The inventors, from the university’s Whiting School of Engineering and its Institute for NanoBioTechnology (INBT), published details and images from their new system recently in the journal Cancer Research. Their article reported on successful tests that captured video of human breast cancer cells as they burrowed through reconstituted body tissue material and made their way into an artificial blood vessel.
This dish houses a lab chip that Johns Hopkins engineers built to gain an unprecedented closeup view of how cancer cells enter the bloodstream to spread the disease. Photo by Will Kirk/Johns Hopkins University.
“There’s still so much we don’t know about exactly how tumor cells migrate through the body, partly because, even using our best imaging technology, we haven’t been able to see precisely how these individual cells move into blood vessels,” said Andrew D. Wong, a Department of Materials Science and Engineering doctoral student who was lead author of the journal article. “Our new tool gives us a clearer, close-up look at this process.”
With this novel lab platform, Wong said, the researchers were able to record video of the movement of individual cancer cells as they crawled through a three-dimensional collagen matrix. This material resembles the human tissue that surrounds tumors when cancer cells break away and try to relocate elsewhere in the body. This process is called invasion.
Wong also collected video of single cancer cells prying and pushing their way through the wall of an artificial vessel lined with human endothelial cells, the same kind that line human blood vessels. By entering the bloodstream through this process, called intravasion, cancer cells are able to hitch a ride to other parts of the body and begin to form deadly new tumors.
To view these important early stages of metastasis, Wong replicated these processes in a small transparent chip that incorporates the artificial blood vessel and the surrounding tissue material. A nutrient-rich solution flows through the artificial vessel, mimicking the properties of blood. The breast cancer cells, inserted individually and in clusters in the tissue near the vessel, are labeled with fluorescent tags, enabling their behavior to be seen, tracked and recorded via a microscopic viewing system.
Tiny tubes connected to the chip carry a fluid that behaves like the bloodstream, allowing the Johns Hopkins researchers to study how metastasis occurs. Photo by Will Kirk/Johns Hopkins University.
Wong’s doctoral advisor, Peter Searson, the Joseph R. and Lynn C. Reynolds Professor of Materials Science and Engineering and director of the INBT, said his graduate student took on this challenging project nearly five years ago—and ultimately produced impressive results.
“Andrew was able to build a functional artificial blood vessel and a microenvironment that lets us capture the details of the metastatic process,” said Searson, who was the corresponding author of the Cancer Research article and is a member of the Johns Hopkins Kimmel Cancer Center. “In the past it’s been virtually impossible to see the steps involved in this process with this level of clarity. We’ve taken a significant leap forward.”

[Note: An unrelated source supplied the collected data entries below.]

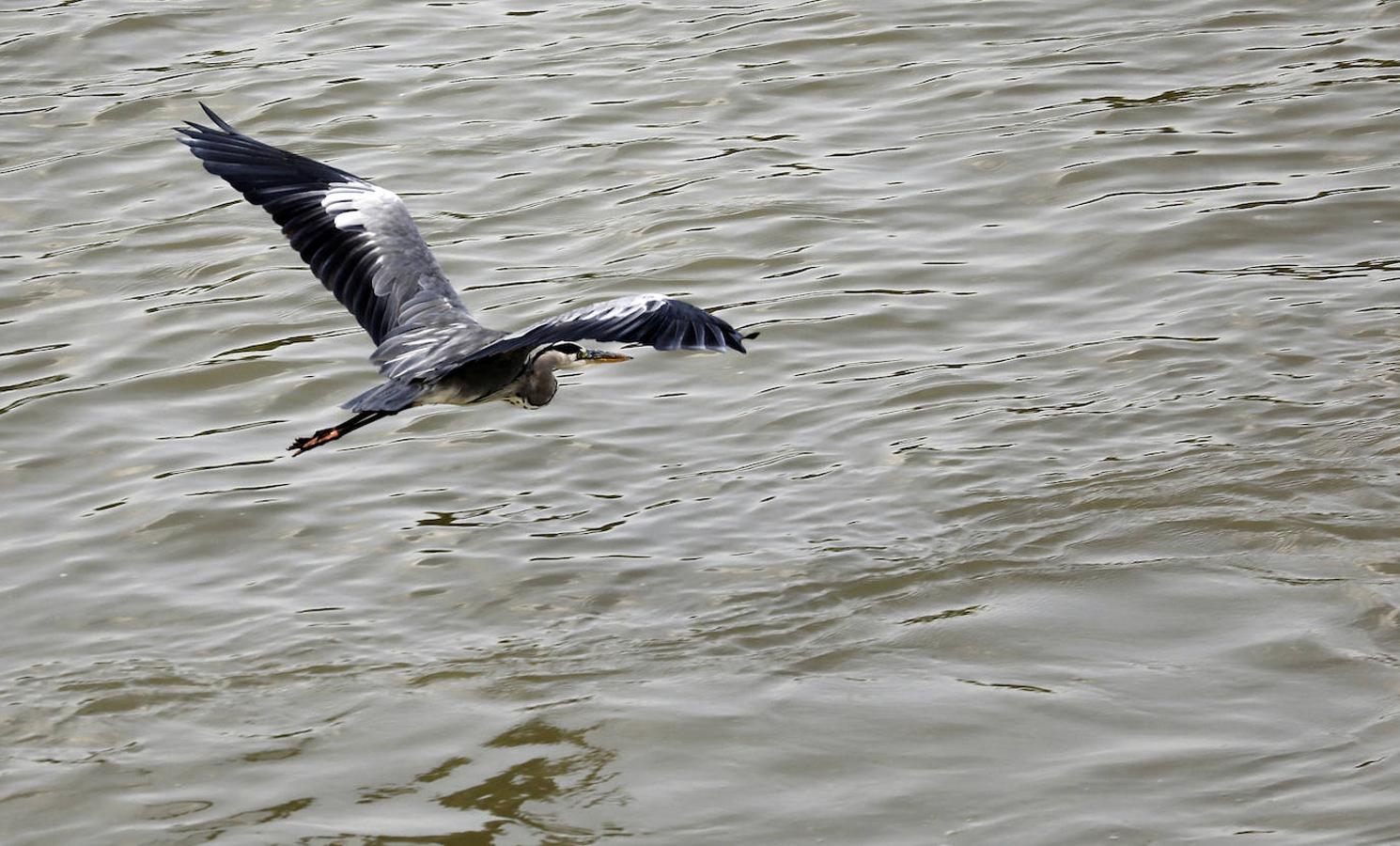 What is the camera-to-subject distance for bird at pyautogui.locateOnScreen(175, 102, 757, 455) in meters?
7.15

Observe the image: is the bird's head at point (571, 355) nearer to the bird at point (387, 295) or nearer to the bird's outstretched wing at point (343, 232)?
the bird at point (387, 295)

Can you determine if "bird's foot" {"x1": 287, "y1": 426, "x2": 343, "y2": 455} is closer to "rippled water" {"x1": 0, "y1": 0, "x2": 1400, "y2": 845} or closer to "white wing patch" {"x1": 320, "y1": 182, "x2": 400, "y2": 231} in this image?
"rippled water" {"x1": 0, "y1": 0, "x2": 1400, "y2": 845}

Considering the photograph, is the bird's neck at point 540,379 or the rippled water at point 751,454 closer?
the rippled water at point 751,454

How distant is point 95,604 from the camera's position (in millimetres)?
7625

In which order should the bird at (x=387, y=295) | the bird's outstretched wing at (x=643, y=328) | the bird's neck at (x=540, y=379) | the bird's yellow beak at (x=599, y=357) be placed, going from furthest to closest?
the bird's neck at (x=540, y=379) → the bird's yellow beak at (x=599, y=357) → the bird at (x=387, y=295) → the bird's outstretched wing at (x=643, y=328)

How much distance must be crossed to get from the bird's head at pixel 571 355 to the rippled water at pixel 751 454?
820 millimetres

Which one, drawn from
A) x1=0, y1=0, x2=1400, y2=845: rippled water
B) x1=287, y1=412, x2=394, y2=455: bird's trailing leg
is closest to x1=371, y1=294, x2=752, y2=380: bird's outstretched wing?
x1=287, y1=412, x2=394, y2=455: bird's trailing leg

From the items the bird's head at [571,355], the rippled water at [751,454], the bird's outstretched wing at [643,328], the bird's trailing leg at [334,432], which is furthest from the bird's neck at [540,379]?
the bird's outstretched wing at [643,328]

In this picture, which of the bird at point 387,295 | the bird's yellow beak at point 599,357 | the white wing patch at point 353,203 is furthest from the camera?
the white wing patch at point 353,203

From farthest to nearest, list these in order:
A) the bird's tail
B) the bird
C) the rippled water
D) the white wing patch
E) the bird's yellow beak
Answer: the white wing patch < the bird's yellow beak < the bird < the bird's tail < the rippled water

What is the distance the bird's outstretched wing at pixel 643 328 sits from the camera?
239 inches

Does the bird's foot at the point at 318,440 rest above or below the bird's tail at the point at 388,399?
below

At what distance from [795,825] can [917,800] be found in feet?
1.33

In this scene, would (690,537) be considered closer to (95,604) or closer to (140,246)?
(95,604) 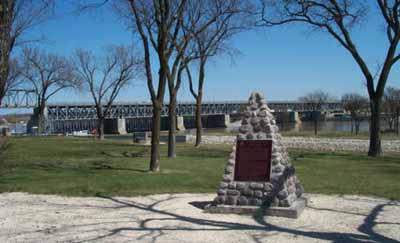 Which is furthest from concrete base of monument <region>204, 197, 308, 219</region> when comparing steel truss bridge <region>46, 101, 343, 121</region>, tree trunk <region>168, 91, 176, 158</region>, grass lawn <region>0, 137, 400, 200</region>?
steel truss bridge <region>46, 101, 343, 121</region>

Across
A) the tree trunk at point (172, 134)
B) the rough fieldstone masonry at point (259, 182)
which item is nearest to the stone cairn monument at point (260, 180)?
the rough fieldstone masonry at point (259, 182)

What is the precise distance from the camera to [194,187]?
38.7ft

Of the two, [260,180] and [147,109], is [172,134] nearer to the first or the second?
[260,180]

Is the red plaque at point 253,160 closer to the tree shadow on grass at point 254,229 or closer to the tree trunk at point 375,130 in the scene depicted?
the tree shadow on grass at point 254,229

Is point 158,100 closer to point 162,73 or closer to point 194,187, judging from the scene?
point 162,73

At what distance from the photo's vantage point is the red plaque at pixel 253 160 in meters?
8.76

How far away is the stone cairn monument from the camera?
28.1 ft

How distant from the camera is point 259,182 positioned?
28.6 feet

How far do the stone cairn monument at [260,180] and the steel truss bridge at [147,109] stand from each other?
70.3 meters

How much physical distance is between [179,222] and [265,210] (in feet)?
5.13

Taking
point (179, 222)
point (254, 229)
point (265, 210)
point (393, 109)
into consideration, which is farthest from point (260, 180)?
point (393, 109)

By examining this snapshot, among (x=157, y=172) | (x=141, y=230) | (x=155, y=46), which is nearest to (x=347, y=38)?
(x=155, y=46)

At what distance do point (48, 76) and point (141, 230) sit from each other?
41.1m

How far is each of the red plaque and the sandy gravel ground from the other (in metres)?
0.87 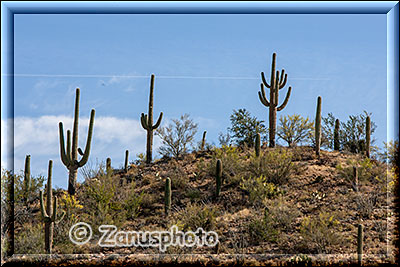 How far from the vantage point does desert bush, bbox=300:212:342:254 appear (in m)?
12.1

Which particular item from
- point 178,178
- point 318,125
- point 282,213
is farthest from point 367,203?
point 178,178

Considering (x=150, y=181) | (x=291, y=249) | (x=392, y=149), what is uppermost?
(x=392, y=149)

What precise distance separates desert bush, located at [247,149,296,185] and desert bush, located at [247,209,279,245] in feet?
8.90

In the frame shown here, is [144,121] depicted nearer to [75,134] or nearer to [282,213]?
[75,134]

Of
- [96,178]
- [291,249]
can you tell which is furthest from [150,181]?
[291,249]

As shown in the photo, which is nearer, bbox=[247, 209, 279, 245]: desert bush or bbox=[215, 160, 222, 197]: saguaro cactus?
bbox=[247, 209, 279, 245]: desert bush

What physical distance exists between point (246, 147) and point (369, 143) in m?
4.29

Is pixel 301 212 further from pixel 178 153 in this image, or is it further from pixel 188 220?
pixel 178 153

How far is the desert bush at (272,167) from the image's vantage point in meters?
15.7

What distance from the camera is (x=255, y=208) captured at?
14.2 m

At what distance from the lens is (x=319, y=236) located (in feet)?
39.8

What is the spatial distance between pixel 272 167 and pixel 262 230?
355 centimetres

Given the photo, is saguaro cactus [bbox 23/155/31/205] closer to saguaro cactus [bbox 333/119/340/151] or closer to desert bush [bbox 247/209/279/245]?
desert bush [bbox 247/209/279/245]

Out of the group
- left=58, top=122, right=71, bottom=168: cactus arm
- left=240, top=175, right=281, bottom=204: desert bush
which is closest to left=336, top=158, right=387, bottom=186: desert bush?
left=240, top=175, right=281, bottom=204: desert bush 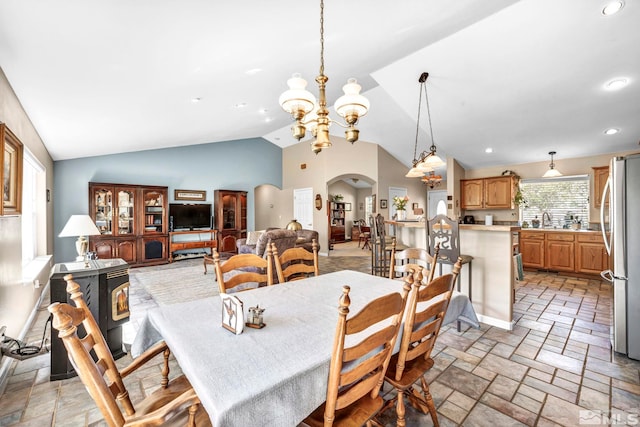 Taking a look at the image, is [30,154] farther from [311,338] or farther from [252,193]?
[252,193]

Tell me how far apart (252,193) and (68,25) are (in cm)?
695

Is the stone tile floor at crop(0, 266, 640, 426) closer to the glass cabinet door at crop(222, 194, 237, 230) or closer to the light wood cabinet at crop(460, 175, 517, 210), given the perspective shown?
the light wood cabinet at crop(460, 175, 517, 210)

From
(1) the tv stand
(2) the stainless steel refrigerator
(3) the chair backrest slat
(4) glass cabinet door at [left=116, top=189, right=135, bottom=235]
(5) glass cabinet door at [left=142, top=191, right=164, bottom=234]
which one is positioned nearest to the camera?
(3) the chair backrest slat

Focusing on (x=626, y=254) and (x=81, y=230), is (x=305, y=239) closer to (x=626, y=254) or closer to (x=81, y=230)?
(x=81, y=230)

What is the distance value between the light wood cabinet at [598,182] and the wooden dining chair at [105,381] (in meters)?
7.15

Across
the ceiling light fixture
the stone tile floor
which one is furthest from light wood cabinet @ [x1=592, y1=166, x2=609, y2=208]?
the stone tile floor

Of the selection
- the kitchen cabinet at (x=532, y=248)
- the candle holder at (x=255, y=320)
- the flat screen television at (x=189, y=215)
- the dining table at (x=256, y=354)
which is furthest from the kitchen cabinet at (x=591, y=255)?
the flat screen television at (x=189, y=215)

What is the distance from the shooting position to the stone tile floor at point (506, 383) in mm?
1764

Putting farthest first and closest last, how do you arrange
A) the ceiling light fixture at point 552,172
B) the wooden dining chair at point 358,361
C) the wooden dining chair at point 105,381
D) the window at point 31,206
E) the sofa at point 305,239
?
the ceiling light fixture at point 552,172 < the sofa at point 305,239 < the window at point 31,206 < the wooden dining chair at point 358,361 < the wooden dining chair at point 105,381

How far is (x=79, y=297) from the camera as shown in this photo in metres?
1.10

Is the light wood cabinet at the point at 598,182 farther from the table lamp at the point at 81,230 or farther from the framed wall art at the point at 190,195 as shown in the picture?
the framed wall art at the point at 190,195

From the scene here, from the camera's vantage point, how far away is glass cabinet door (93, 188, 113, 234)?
6.02 m

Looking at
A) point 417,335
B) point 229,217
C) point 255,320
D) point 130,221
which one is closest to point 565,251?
point 417,335

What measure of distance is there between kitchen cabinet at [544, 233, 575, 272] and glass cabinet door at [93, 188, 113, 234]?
29.2 feet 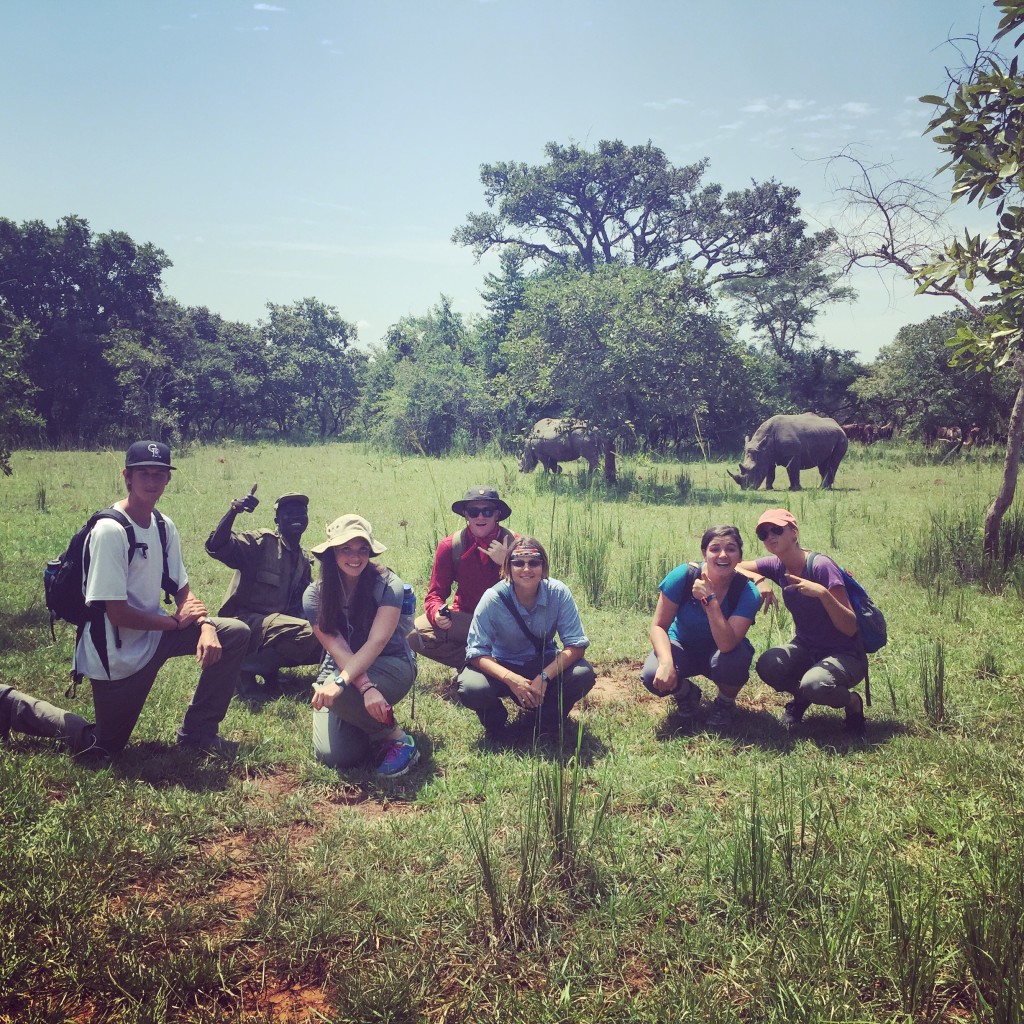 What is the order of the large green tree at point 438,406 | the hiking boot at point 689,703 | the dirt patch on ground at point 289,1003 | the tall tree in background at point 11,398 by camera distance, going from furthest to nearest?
1. the large green tree at point 438,406
2. the tall tree in background at point 11,398
3. the hiking boot at point 689,703
4. the dirt patch on ground at point 289,1003

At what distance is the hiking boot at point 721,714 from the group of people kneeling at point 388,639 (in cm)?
1

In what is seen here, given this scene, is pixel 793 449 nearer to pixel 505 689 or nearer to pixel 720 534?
pixel 720 534

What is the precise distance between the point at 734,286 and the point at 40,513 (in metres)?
34.6

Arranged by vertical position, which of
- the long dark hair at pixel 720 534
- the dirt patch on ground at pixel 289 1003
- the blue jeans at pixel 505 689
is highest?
the long dark hair at pixel 720 534

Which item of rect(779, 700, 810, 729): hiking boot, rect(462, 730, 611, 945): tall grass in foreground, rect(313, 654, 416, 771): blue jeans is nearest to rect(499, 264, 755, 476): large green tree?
rect(779, 700, 810, 729): hiking boot

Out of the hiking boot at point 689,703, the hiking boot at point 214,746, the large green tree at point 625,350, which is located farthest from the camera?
the large green tree at point 625,350

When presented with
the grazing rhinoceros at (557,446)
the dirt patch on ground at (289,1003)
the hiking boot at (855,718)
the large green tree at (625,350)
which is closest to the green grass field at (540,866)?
the dirt patch on ground at (289,1003)

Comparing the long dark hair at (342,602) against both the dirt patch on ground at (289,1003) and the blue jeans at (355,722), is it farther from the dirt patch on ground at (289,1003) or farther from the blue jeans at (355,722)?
the dirt patch on ground at (289,1003)

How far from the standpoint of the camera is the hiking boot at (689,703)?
493 cm

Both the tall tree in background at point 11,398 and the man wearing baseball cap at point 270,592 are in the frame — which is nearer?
the man wearing baseball cap at point 270,592

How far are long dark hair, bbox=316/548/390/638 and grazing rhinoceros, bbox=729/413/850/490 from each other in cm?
1421

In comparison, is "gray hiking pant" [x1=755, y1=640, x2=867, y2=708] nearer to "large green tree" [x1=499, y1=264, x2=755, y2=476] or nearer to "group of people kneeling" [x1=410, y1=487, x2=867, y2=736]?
"group of people kneeling" [x1=410, y1=487, x2=867, y2=736]

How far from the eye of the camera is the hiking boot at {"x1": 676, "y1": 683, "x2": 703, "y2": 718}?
16.2 feet

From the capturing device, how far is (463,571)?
550cm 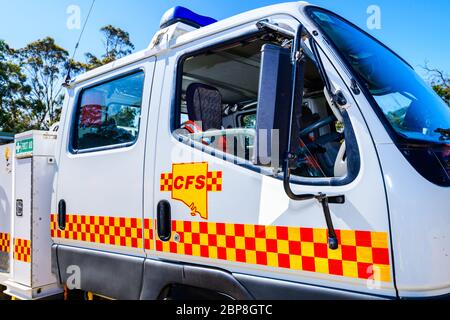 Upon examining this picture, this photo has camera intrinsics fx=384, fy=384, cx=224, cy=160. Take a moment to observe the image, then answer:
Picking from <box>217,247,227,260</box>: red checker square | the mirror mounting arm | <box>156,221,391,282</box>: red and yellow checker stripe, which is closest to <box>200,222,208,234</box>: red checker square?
<box>156,221,391,282</box>: red and yellow checker stripe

This improved view should give cancer researchers a much clearer look at the complex physical and biochemical interplay that takes place when cells leave a tumor, move through the surrounding tissue and approach a blood vessel. For example, the new lab device enabled the inventors to see detailed images of a cancer cell as it found a weak spot in the vessel wall, exerted pressure on it and squeezed through far enough so that the force of the passing current swept it into the circulating fluid.
“Cancer cells would have a tough time leaving the original tumor site if it weren’t for their ability to enter our bloodstream and gain access to distant sites,” Wong said. “So it’s actually the entry of cancer cells into the bloodstream that allows the cancer to spread very quickly.”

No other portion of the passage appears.